Federal laws, such as the Fair Credit Reporting Act (FCRA), are also becoming an avenue for class-action attorneys. Hirsch says although it's not related to healthcare, one case winding its way through the U.S. Supreme Court—Spokeo, Inc. v. Robins—could change the legal landscape if the nation's highest court issues an opinion against the online company.

In February 2014, federal appellate judges for the 9th Circuit reversed a district court ruling that had originally dismissed plaintiff Thomas Robins' class-action suit alleging willful violations of the FCRA. He claimed Spokeo, an online information gathering service, published and marketed inaccurate personal information about him on its website, which he had no control over.

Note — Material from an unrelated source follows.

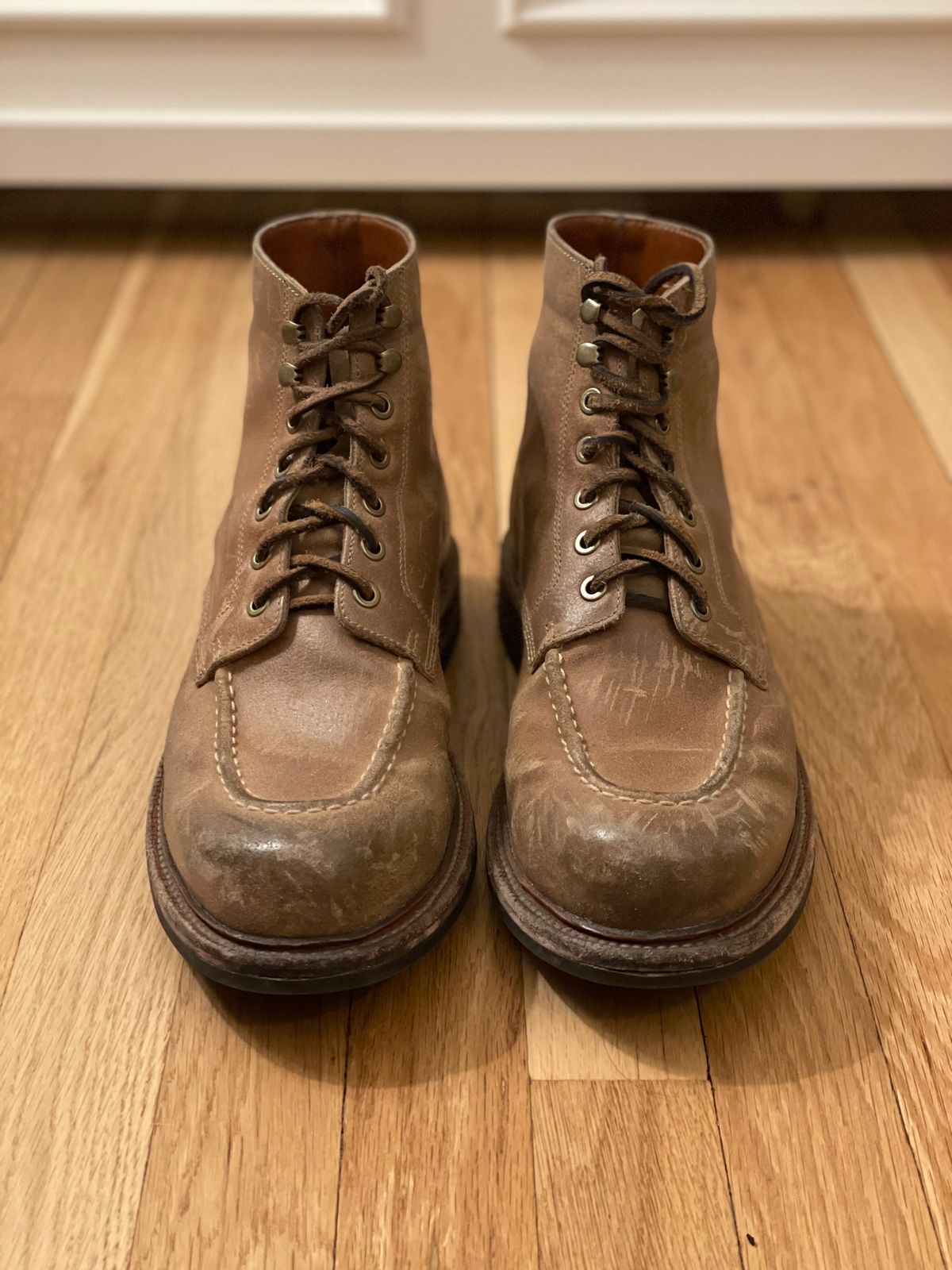 Photo by goodboots_badfeet on September 4, 2023 of the Grant Stone Brass Boot in C.F. Stead Natural Waxy Commander Suede.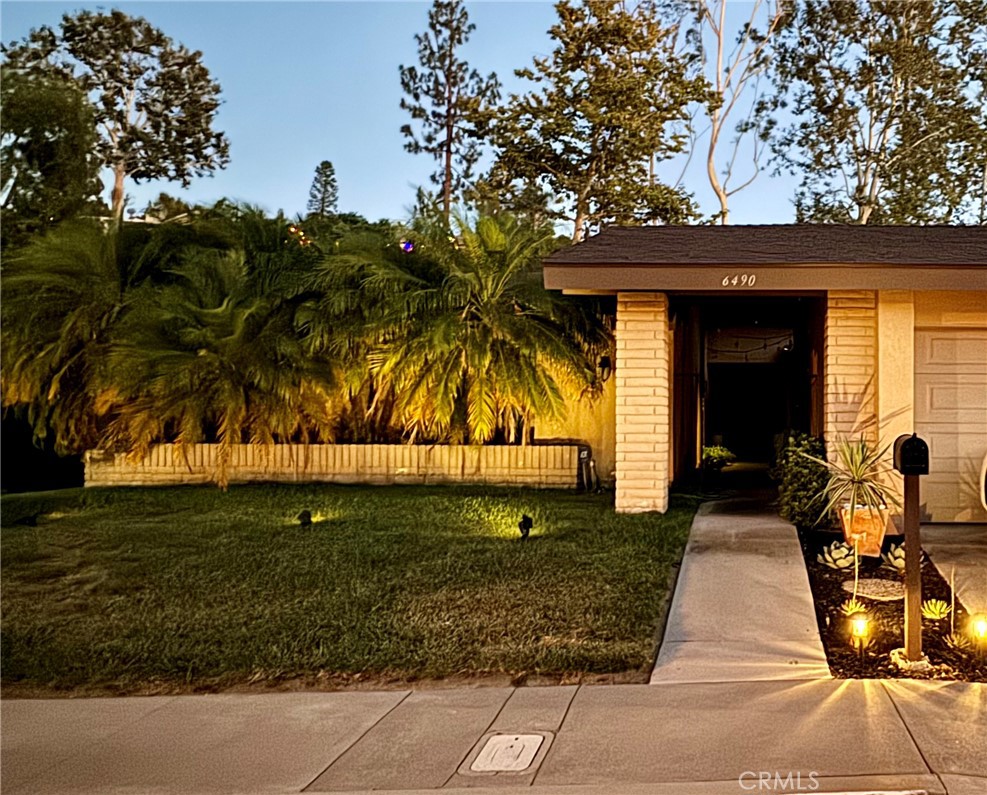 6490 E Via Arboles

While not claiming actual financial damages, he argued that since he was unsuccessful in securing employment, he was concerned the inaccurate report was affecting his ability to obtain employment, insurance, credit, etc.

The appellate panel found Robins did have constitutional standing to sue under the FCRA. This speaks to the same issues that are raised by victims of healthcare data breaches, who worry they will suffer financial harm from the exposure of their PHI, Hirsch says. Large technology companies urged the Supreme Court to take up an appeal of the 2014 decision, fearing it could cripple the industry by paving the way for billions of dollars in damages to consumers, he says.

In addition, there's another federal healthcare data breach suit—Smith, et al. v. Triad of Alabama—making a case for violations under the FCRA that will have big implications if the court finds the plaintiffs have legal standing for a class-action suit, McDavid says.

"They can keep it in court if the judge buys into their theory that they don't have to have damages in order to sue," she says.